Citi Trims Nifty Target Amid Rising Global Risks
Global brokerage firm Citi has reduced its 12-month target for the Nifty index to 26,000 from 27,000 earlier, implying an upside potential of approximately 12% from current levels.
The brokerage believes a combination of geopolitical uncertainty, artificial intelligence-related concerns, weather risks, and weak foreign investor participation has led to a more cautious outlook for Indian equities.
Despite the downgrade, Citi remains positive on India's long-term growth prospects and believes market sentiment could improve if some of these risks begin to ease.
Why Citi Lowered Its Market Expectations
According to Citi, the downgrade reflects a more conservative valuation framework.
The brokerage stated that it has reduced its target valuation multiple for the Nifty to 18x earnings from 19x earlier while rolling forward estimates to March 2028 earnings.
While India's economic fundamentals remain relatively healthy, Citi believes investors are demanding a greater margin of safety amid rising global uncertainties.
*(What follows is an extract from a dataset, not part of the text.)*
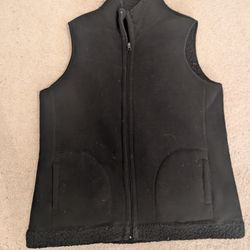 Black Fleece Vest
Foreign Investors Remain Significantly Underweight
One of the biggest concerns highlighted by Citi is the continued lack of foreign institutional investor participation.
According to the brokerage, India's allocation within Global Emerging Market funds has fallen to its lowest level in nearly five years.
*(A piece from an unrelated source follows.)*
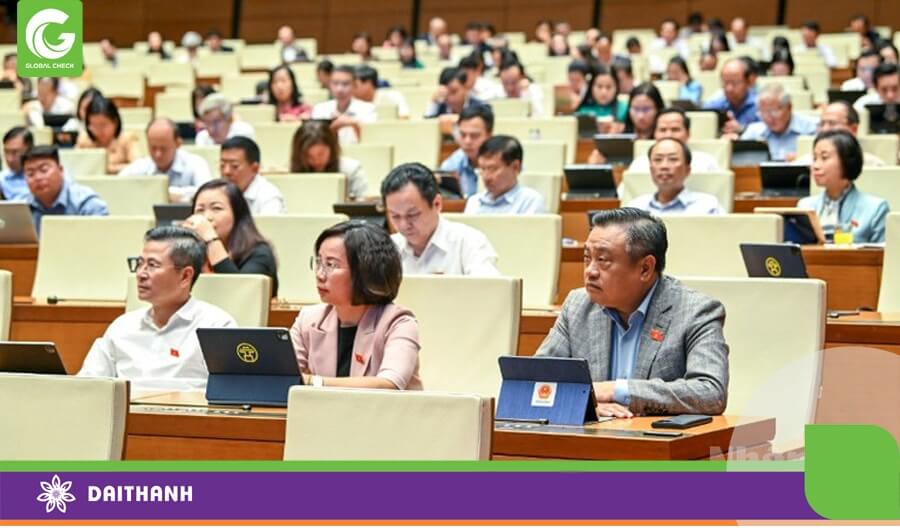 Đại biểu Quốc Hội tham gia buổi họp- Ảnh: Báo Nhân Dân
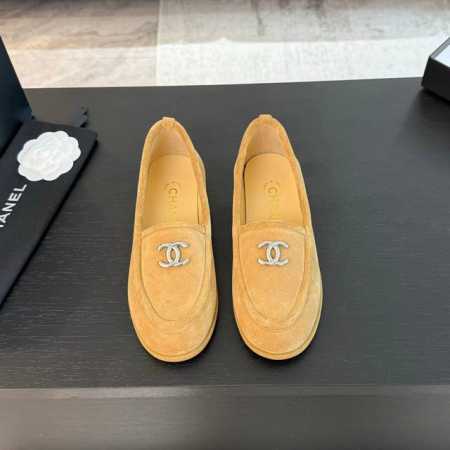 chanel 24ss 香奈儿玛丽珍 豆豆单鞋 早秋系列火爆上新，这一季香家小爆款！ 真的一眼爱了，经典拼色完美搭配！ 真的超级有个性，是这款鞋子最大的亮点，醒 - 点击图像关闭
Citi noted that India remains one of the most underweight markets among global investors, with positioning close to the most negative levels seen in the past two decades.
However, this could also create an opportunity. Any improvement in sentiment or pause in foreign outflows could potentially trigger a sharp reversal in flows toward Indian equities.
Citi’s Preferred Sectors
Despite trimming its overall market target, Citi continues to remain bullish on several sectors.
The brokerage's key overweight sectors include:
- Financials
- Telecommunications
- Healthcare
- Utilities
- Defence
These sectors are expected to benefit from structural growth drivers, improving earnings visibility, and relatively attractive valuations.
Sectors Citi Remains Cautious On
On the other hand, Citi continues to maintain an underweight stance on:
- Information Technology Services
- Consumer Staples
- Metals
The brokerage believes these sectors face greater uncertainty due to slowing global demand, valuation concerns, and cyclical headwinds.
Citi has also recently added Hitachi Energy to its list of preferred ideas following its initiation of coverage on the electrical equipment sector.
Key Risks Keeping Investors Nervous
1. Geopolitical Tensions
Ongoing tensions in West Asia remain a major concern.
Any escalation could impact crude oil prices, inflation, fiscal balances, and overall economic stability, particularly for energy-importing countries such as India.
2. Artificial Intelligence Disruption
Artificial intelligence remains a major discussion point among investors.
Citi noted concerns that much of the global AI infrastructure investment is currently concentrated outside India, raising questions about whether India will fully participate in the next phase of value creation.
3. El Niño and Weather Risks
Potential El Niño conditions remain another important risk.
Weak monsoons could impact agricultural output, rural consumption, food inflation, and overall economic growth.
4. Persistent FII Outflows
Foreign investor selling continues to be closely monitored.
Although domestic institutional and retail participation has remained strong, sustained FII outflows can continue to weigh on market sentiment.
What Could Improve Market Sentiment?
Citi highlighted several factors that could support Indian equities over the coming months.
Domestic demand continues to remain resilient despite global uncertainty.
Valuations have also moderated compared with the elevated levels seen over recent years, making the market relatively more attractive.
Additionally, Citi's proprietary sentiment indicator suggests the potential for roughly 10% one-year forward returns from current levels.
A resolution of geopolitical tensions and a slowdown in foreign outflows could further improve the outlook.
What Investors Should Watch
Going forward, investors should closely monitor:
- Developments in West Asia and crude oil prices
- Foreign institutional investor flows
- AI investment trends and India's participation in the ecosystem
- Monsoon and El Niño developments
- Domestic consumption trends
- Employment and wage growth, particularly in technology-related sectors
While Citi has moderated its expectations, the brokerage believes India's medium-term growth story remains intact, with market direction likely to depend on how these macro risks evolve over the coming quarters.